The story of Solomon is marked by his famous wisdom, which aided his ability to consolidate power amid the succession struggles through David’s old age and death. Solomon’s most important accomplishments were his building projects: the palace and the temple. But like his father, Solomon had a fatal flaw: he surrounded himself with foreign women, who led him to build altars to Chemosh and Molech, the gods of Moab and Ammon. Solomon also had many adversaries, one of whom was Jeroboam, the son of one of his officials. Jeroboam managed to lead a rebellion against Solomon and his son Rehoboam, convincing the northern tribes to follow him and set up an alternate capital in the ancient city of Shechem in Ephraim. Throughout this rebellion, Rehoboam did not help matters by his heavy-handed style of leadership.
All in all, Israel and Judah combined to have forty kings, twenty from each nation. Some reigned for as long as half a century, others for a year or so. One king of Judah, Jehoiachin, lasted only three months. All of them had to deal with some level of domestic or international strife. Many of them were even murdered. All but two—Hezekiah and Josiah of Judah—received negative evaluations by the writer of Kings for failing to lead the people according to God’s law, especially concerning the worship of idols and foreign God.

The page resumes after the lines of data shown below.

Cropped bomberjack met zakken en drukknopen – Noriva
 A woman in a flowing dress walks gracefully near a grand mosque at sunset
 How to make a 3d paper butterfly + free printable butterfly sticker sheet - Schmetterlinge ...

As we see in Exodus, the law given on Mt. Sinai pertains to both the proper worship of God and Israel’s behavior toward God and others. Israel’s kings failed on both counts.
Hezekiah was king during Sennacherib’s invasion of Jerusalem, and God spared the city. Hezekiah was faithful to destroy the high places (altars) and the Asherah poles, which were sacred trees or poles to honor the Canaanite goddess Asherah. Hezekiah was also responsible for collecting some of Solomon’s proverbs (Proverbs 25:1). Within 1-2 Kings, Josiah is also a very important figure. It was under his reign that “the book of the law” was found. Upon reading it, Josiah realized why Judah had been under such a cloud of God’s displeasure: they were not following God’s commands. This resulted in a reform that was intended to bring Israel back to faithfulness.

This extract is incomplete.